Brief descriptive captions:
- Opening Delimiter -

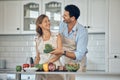 Couple, cooking and vegetable in kitchen together, healthy food and nutrition, happy with chef skill at home. Man, woman Royalty Free Stock Photo
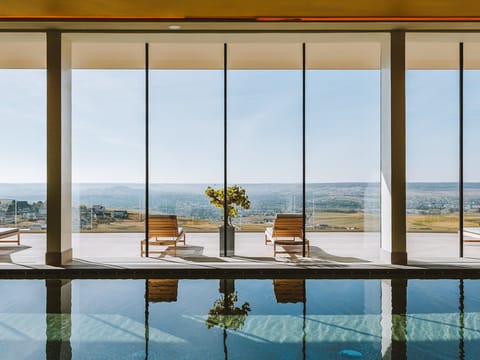Indoor pool, outdoor pool, open 8:00 AM to 8:00 PM, pool umbrellas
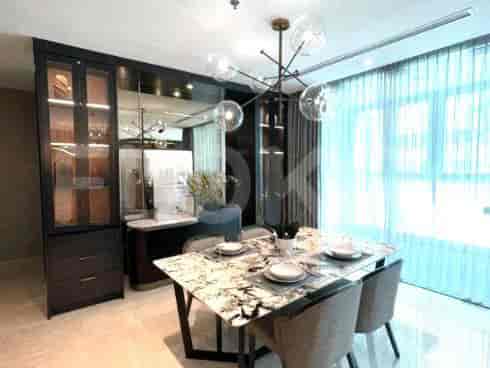 Dining area with a marble table, modern chandelier, and built-in storage.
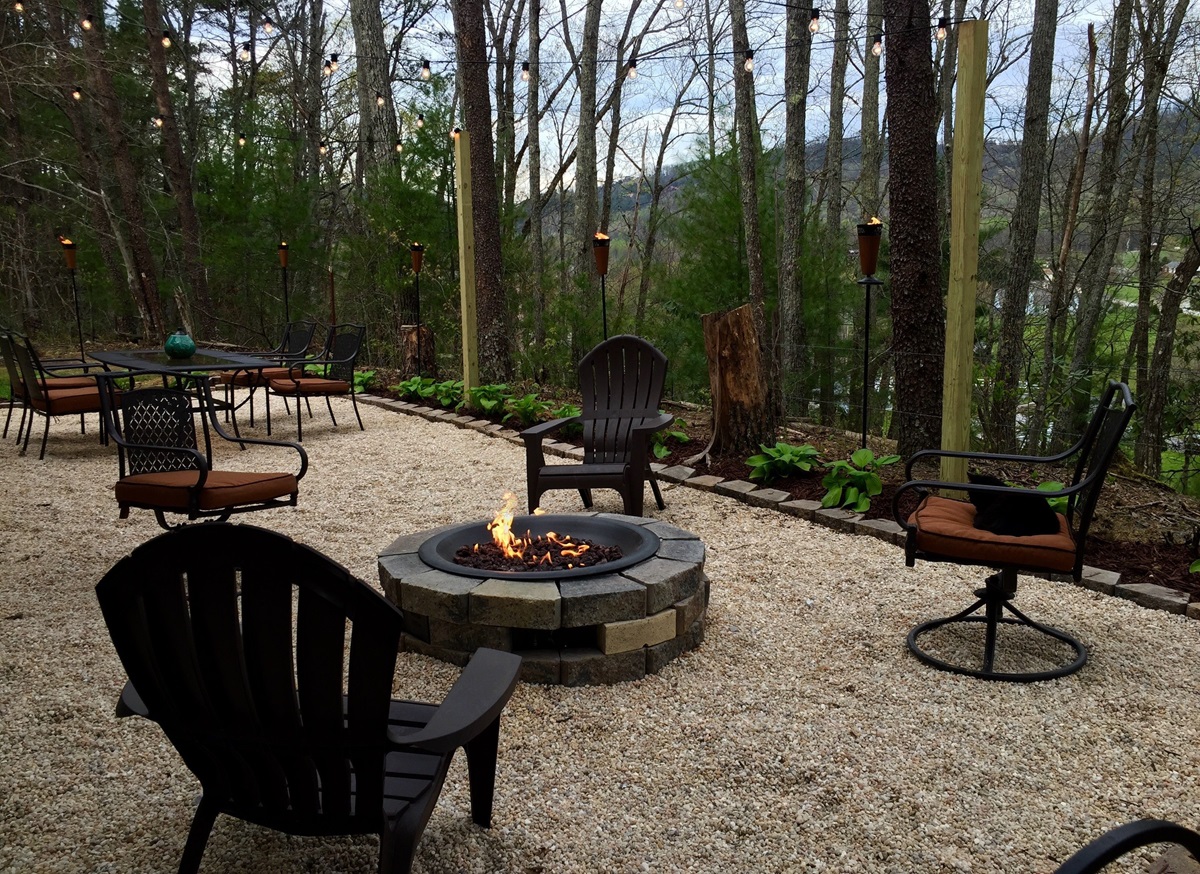 Gravel patio with a round stone fire pit, Adirondack chairs, string lights and tiki torches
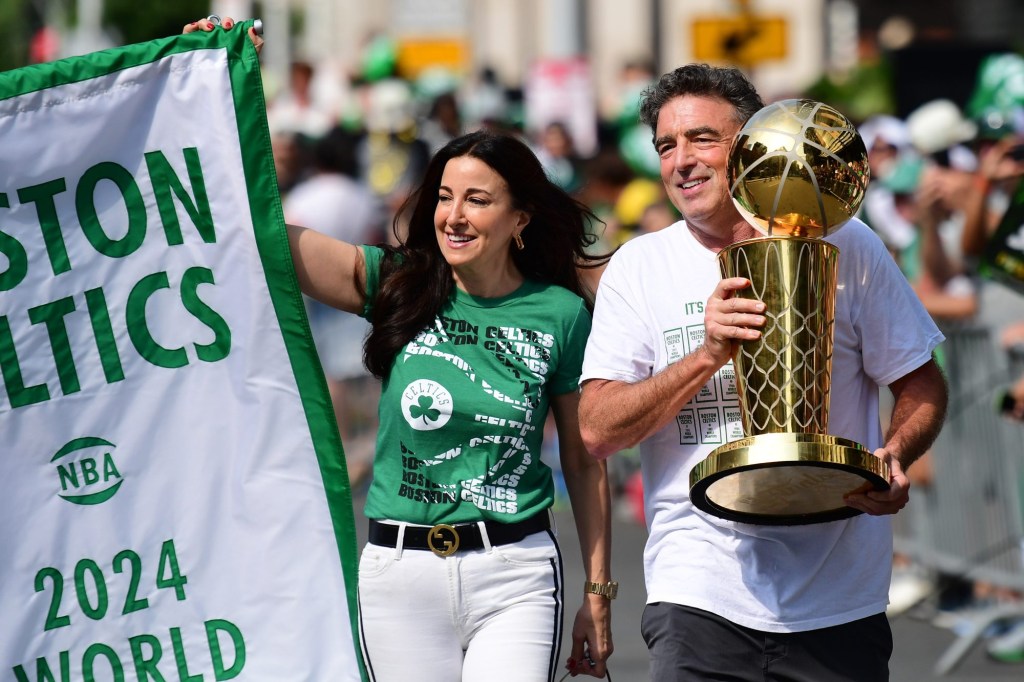 Jun 21, 2024; Boston, MA, USA; Boston Celtics majority owner Wyc Grousbeck holds the Larry OBrien trophy prior to the Boston Celtics championship parade.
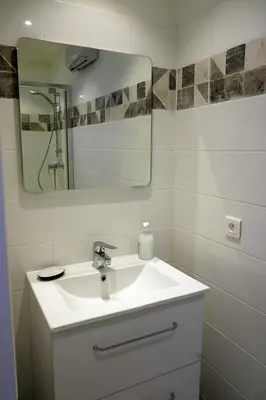 a white bathroom with a sink and a mirror at Envies en Lubéron in Saignon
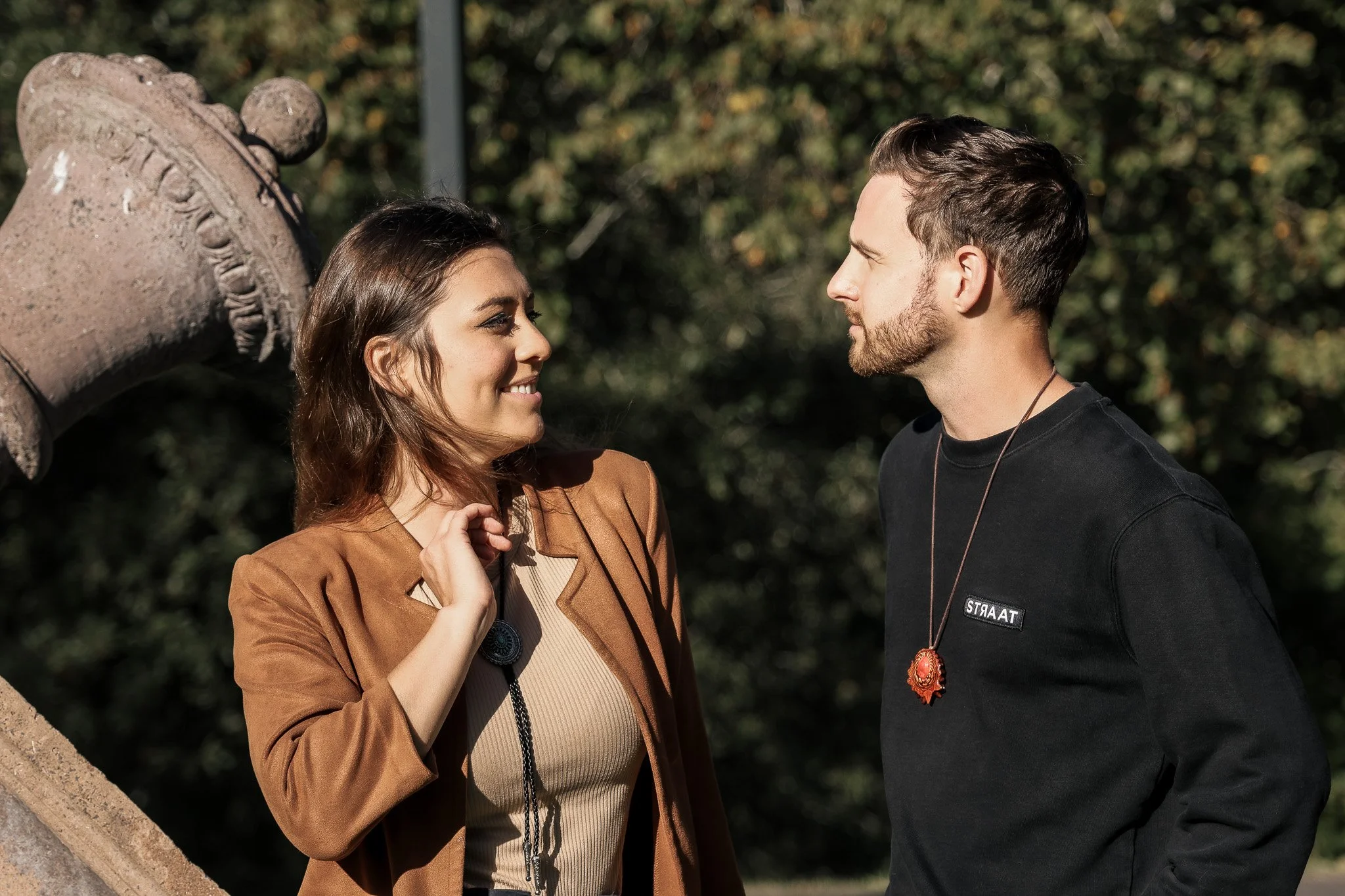 A young woman with brown hair smiling and a young man with brown hair and a beard standing face to face outdoors near a stone structure with trees in the background.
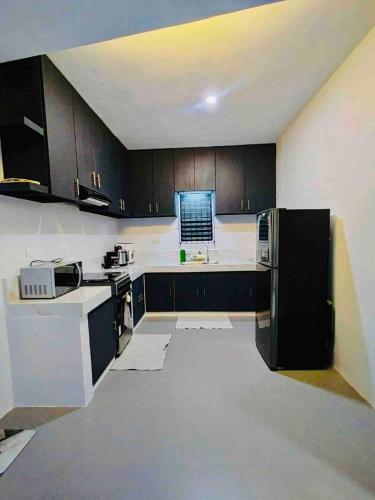 Fully Furnished Open-Layout Entire Home 4BRs, Cabadbaran City in Cabadbaran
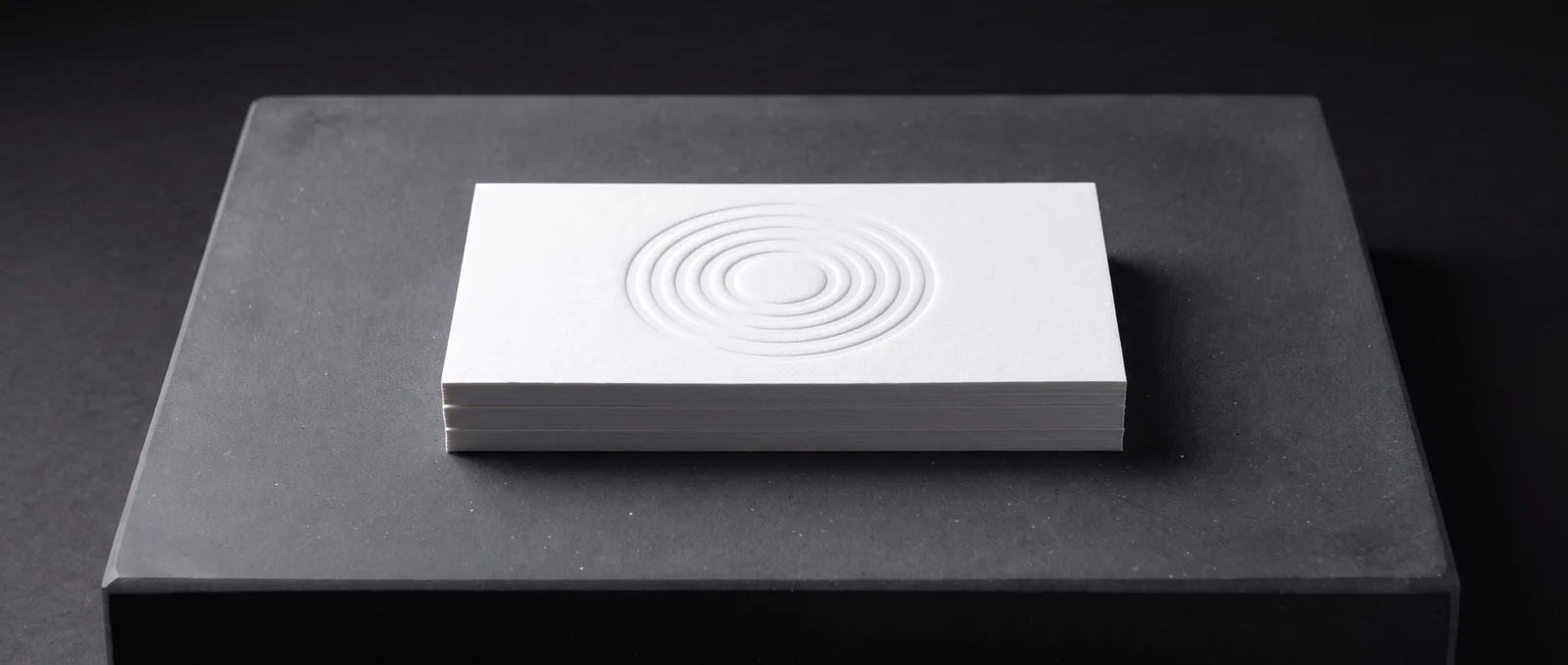 A deep blind deboss in thick white cotton, visible only as shadow.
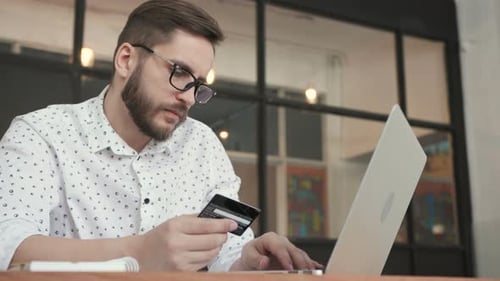 Mann zahlt online mit Bankkarte am Laptop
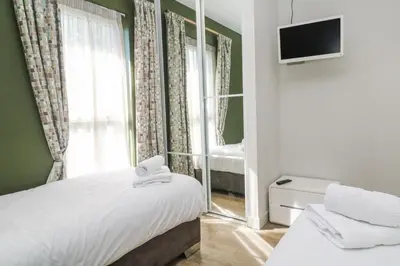 a bedroom with a bed and a window and a television at Bay View in Redruth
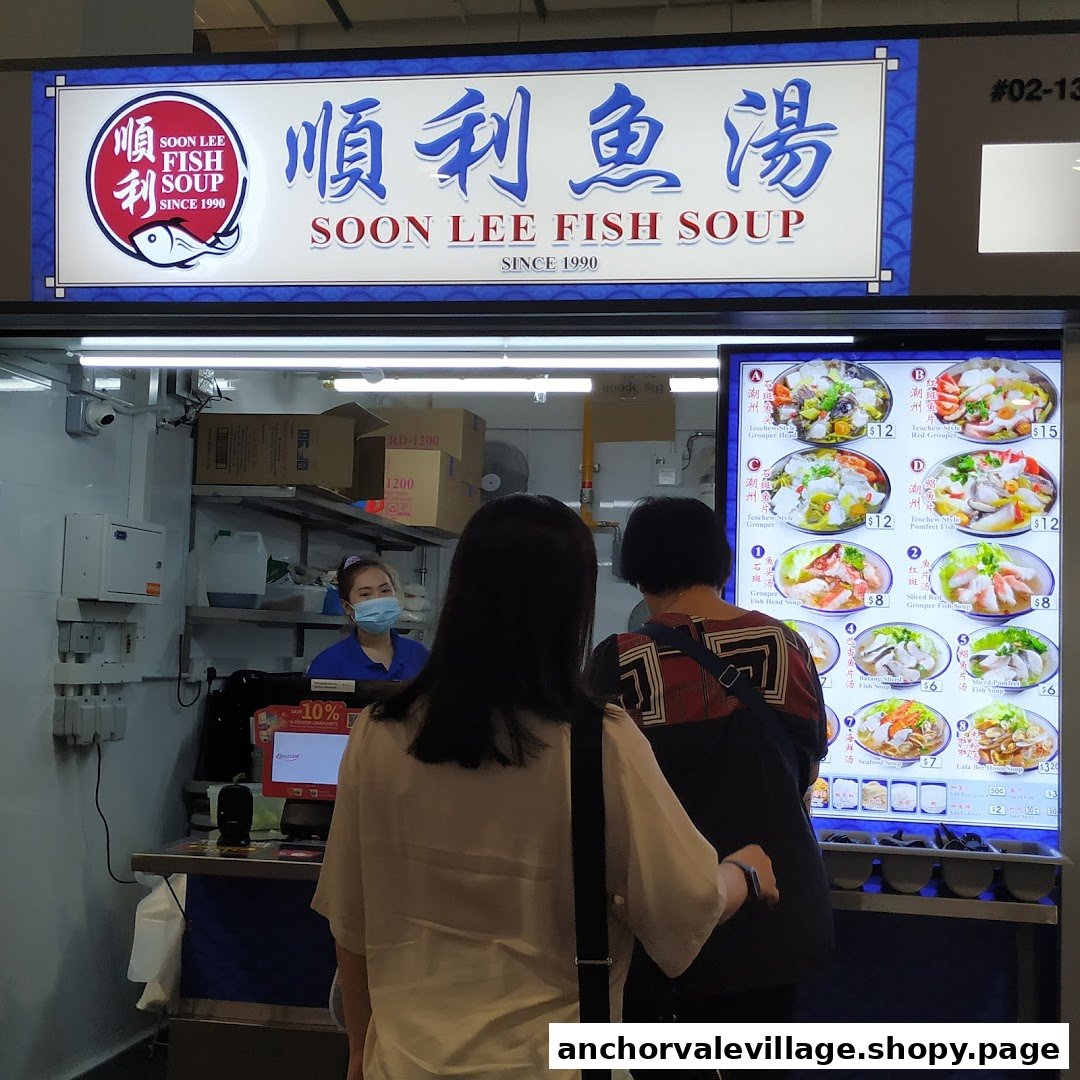 Customers queue at Soon Lee Fish Soup stall, featuring its prominent signage and digital menu board.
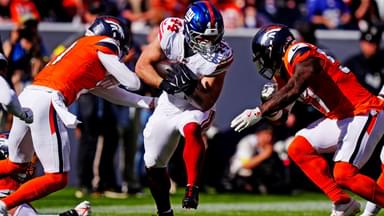 New York Giants running back Cam Skattebo (44) runs the ball against pressure from the Denver Broncos during the second half at Empower Field at Mile High.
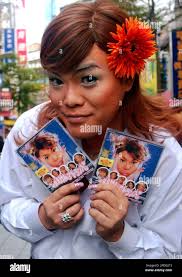Famed Japanese singer Ken Maeda holds copies of his new trance-style music  recording "Koi No Buchaiage Tengoku" during a media event, Wednesday, Dec.  28, 2005, in Taipei, Taiwan. (AP Photo/Chiang Ying-ying Stock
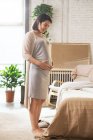 Felice giovane donna incinta in piedi in camera da letto e toccante pancia — Foto stock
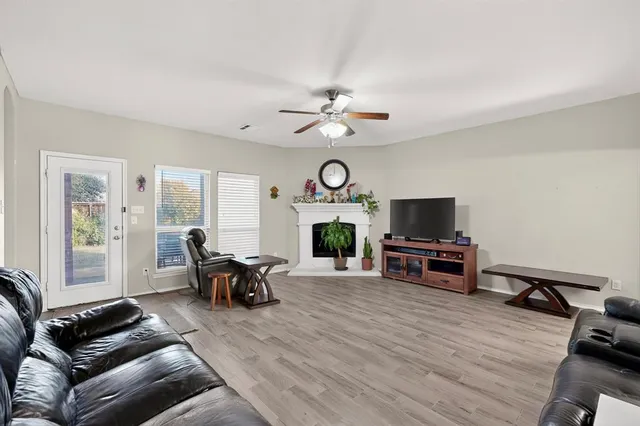 a living room with furniture a fireplace and a flat screen tv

- Closing Delimiter -

▸ About this task
Would you write out every record word for word, leaving no picture in?

▸ Response to this task
 Couple, cooking and vegetable in kitchen together, healthy food and nutrition, happy with chef skill at home. Man, woman Royalty Free Stock Photo
Indoor pool, outdoor pool, open 8:00 AM to 8:00 PM, pool umbrellas
 Dining area with a marble table, modern chandelier, and built-in storage.
 Gravel patio with a round stone fire pit, Adirondack chairs, string lights and tiki torches
 Jun 21, 2024; Boston, MA, USA; Boston Celtics majority owner Wyc Grousbeck holds the Larry OBrien trophy prior to the Boston Celtics championship parade.
 a white bathroom with a sink and a mirror at Envies en Lubéron in Saignon
 A young woman with brown hair smiling and a young man with brown hair and a beard standing face to face outdoors near a stone structure with trees in the background.
 Fully Furnished Open-Layout Entire Home 4BRs, Cabadbaran City in Cabadbaran
 A deep blind deboss in thick white cotton, visible only as shadow.
 Mann zahlt online mit Bankkarte am Laptop
 a bedroom with a bed and a window and a television at Bay View in Redruth
 Customers queue at Soon Lee Fish Soup stall, featuring its prominent signage and digital menu board.
 New York Giants running back Cam Skattebo (44) runs the ball against pressure from the Denver Broncos during the second half at Empower Field at Mile High.
Famed Japanese singer Ken Maeda holds copies of his new trance-style music  recording "Koi No Buchaiage Tengoku" during a media event, Wednesday, Dec.  28, 2005, in Taipei, Taiwan. (AP Photo/Chiang Ying-ying Stock
 Felice giovane donna incinta in piedi in camera da letto e toccante pancia — Foto stock
 a living room with furniture a fireplace and a flat screen tv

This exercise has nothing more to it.